March 6, 2013

Sweet Potato Soup With Ginger & Vanilla

by IsaChandra

Serves 6 to 8
Total time: 30 minutes || Active time: 15 minutes

Sweet Potato Soup

Here’s the vision: vanilla bean and ginger holding hands in a field of sweet potato, with pretty bursts of lime lighting their way, and just a touch of heat.

This recipe came about when I looked in my pantry and screamed “Is there anything at all interesting in here???!?!” The vanilla beans were like “Uh, hello, try us in soup?” So what if my blog has accidentally tripped and fallen face first into a big soup pot? It’s March and it’s dreary, and I can hardly manage to tie my shoes on these gray days, never mind cooking something any more complicated than soup.

Plus, this one has special powers!

For one, the aromatherapy. Try to feel seasonal affective disorder as the delicious scents of ginger and vanilla waft through your abode.

For another, teleportation. I don’t know about you, but I don’t cook with vanilla every day. It took me on a much needed vacation away from my comfort zone, to a more intriguing place.

So my vision for this recipe was a short but sweet ingredient list with nothing superflous and nothing wasted. Pure, clean flavors. I suppose I wanted to be the Raymond Carver of soup. Hope you love it! And hopefully the next pic I post will look like spring, and not Thanksgiving. Haha.

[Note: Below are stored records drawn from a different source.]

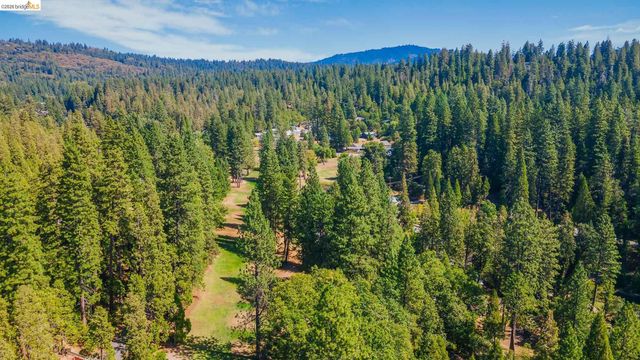 23023 Strauch Dr, Twain Harte, CA 95383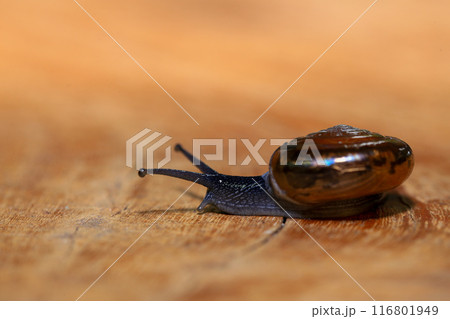 Snail crawling on the wooden floor. Close-up. Shallow depth of field. Snail crawling on the wooden floor. Close-up. Shallow depth of field. 116801949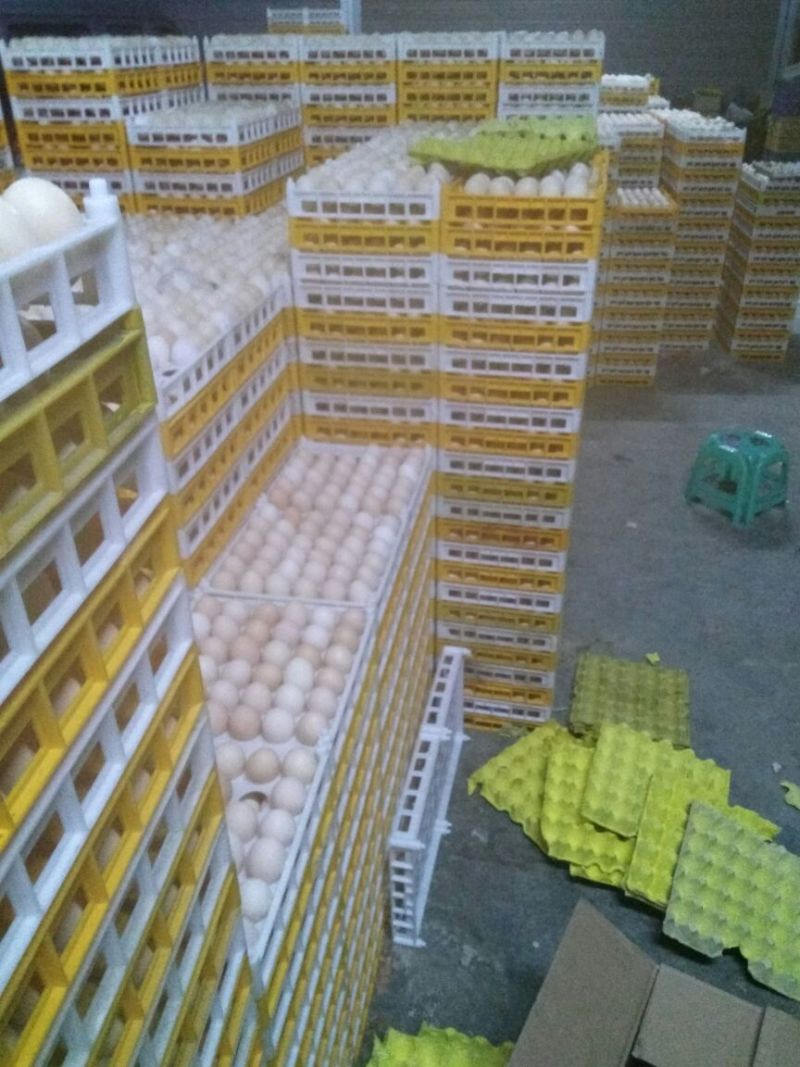 精品绵阳粉蛋，白蛋。没沙壳，蛋干净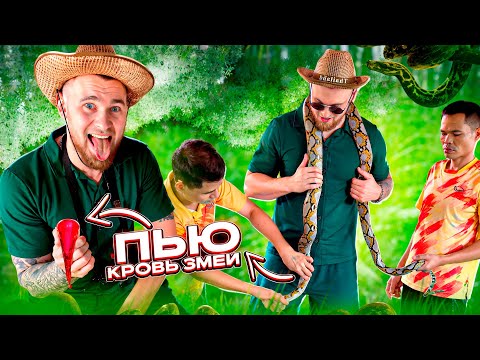 ЭЛИКСИР МОЛОДОСТИ ИЗ КРОВИ И СЕРДЦА КОБРЫ. ТАЙЛАНД.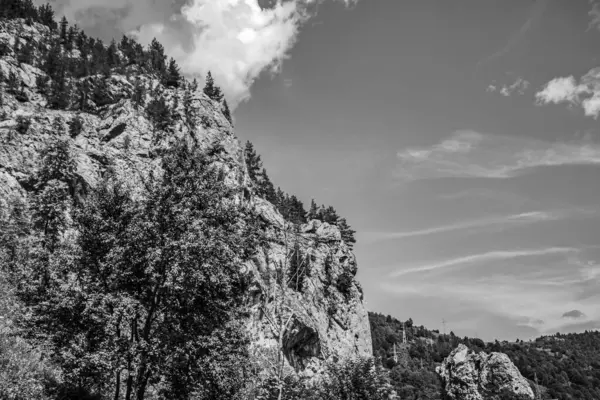 Dağların tepelerinin siyah-beyaz fotoğrafı Ağaçlı, Slovakya 'daki doğa arkaplanı.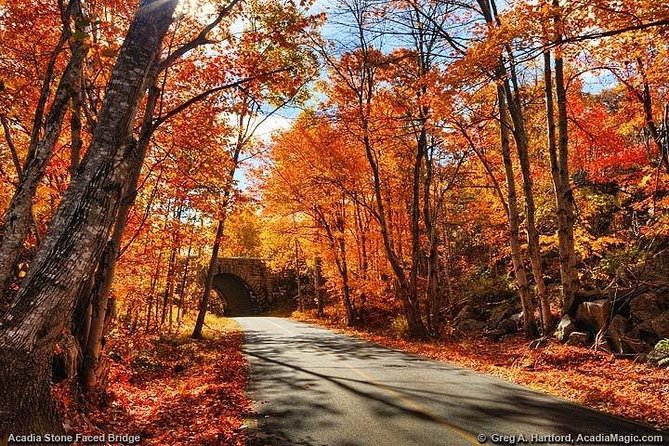 4 Hour: Elite & Exclusive Acadia with Fjord and Mansions - Park Loop Road sets the rhythm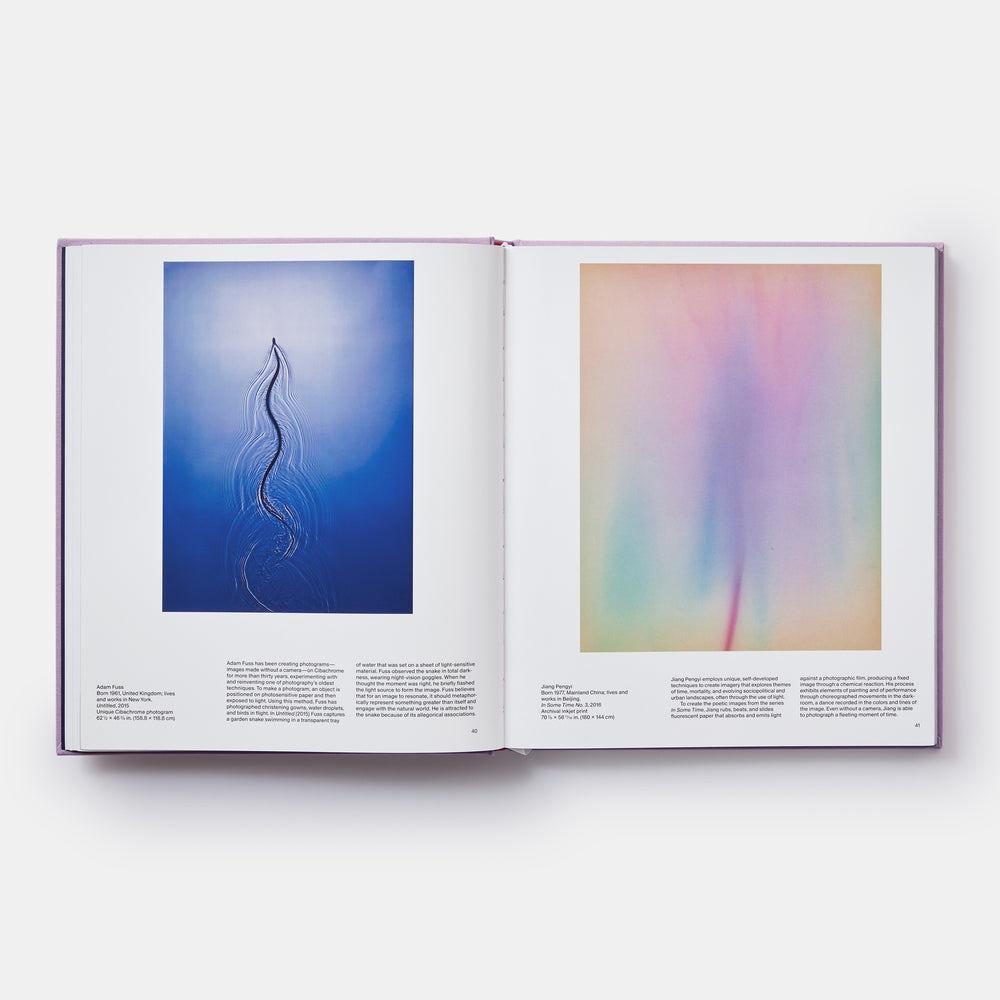 Reimagining New Perspectives: The Latest Acquisitions by the UBS Art Collection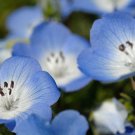 baby blue eyes, SHADE FLOWER 285 seeds! baby blue eyes, SHADE FLOWER 285 seeds!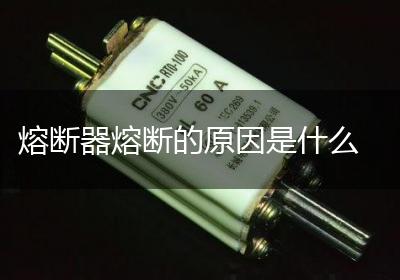 熔断器熔断的原因是什么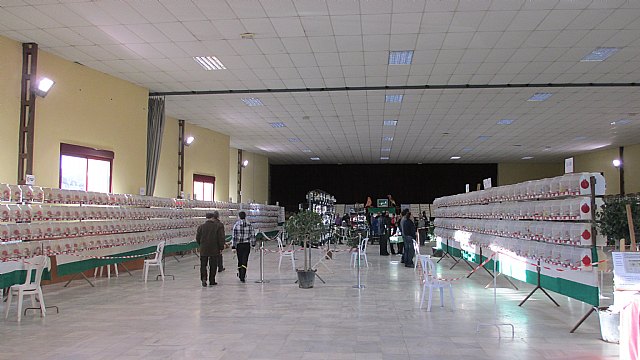 Los totaneros triunfan en Cuevas del Almanzora - 12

[ed note: I wrote this yesterday, and today, the sun is actually shining!]

Recipe Notes

~ Everything gets pureed in the end, so don’t stress too much about chopping things too perfectly.

~ My favorite method of scraping the vanilla bean is to slice the bean across the waist, using a steak knife. The slice each half lengthwise, and use the steak knife to scrape out all the delicious vanilla beaniness.

~ My little container of vanilla beans reminded me not to discard the skin! Throw empty vanilla skins into a cup of sugar, cover, and let it sit around for a week or so, giving  a stir every now again. BOOM! You have vanilla sugar. Put it in your coffee or something delicious like that.

~ Not really a note, but I know that yams are not botanically sweet potatoes, and I’ll be deleting all comments that yell at me about it. (Yes, people yell at me about yams sometimes. It happens!)

1 tablespoon olive oil
1 medium yellow onion, diced medium
2 tablespoons chopped fresh ginger
1/2 teaspoon red pepper flakes
3 lbs garnet yams, peeled and cut into 1 inch chunks
4 cups vegetable broth
1/2 teaspoon salt
1 vanilla bean, split and scraped (tip to use a steak knife)
1 tablespoon pure maple syrup
2 tablespoons fresh lime juice

Preheat a 4-quart soup pot over medium heat. Saute the onions in oil with a pinch of salt for about 3 minutes, until translucent. Add ginger and red pepper flakes, and saute another minute or so.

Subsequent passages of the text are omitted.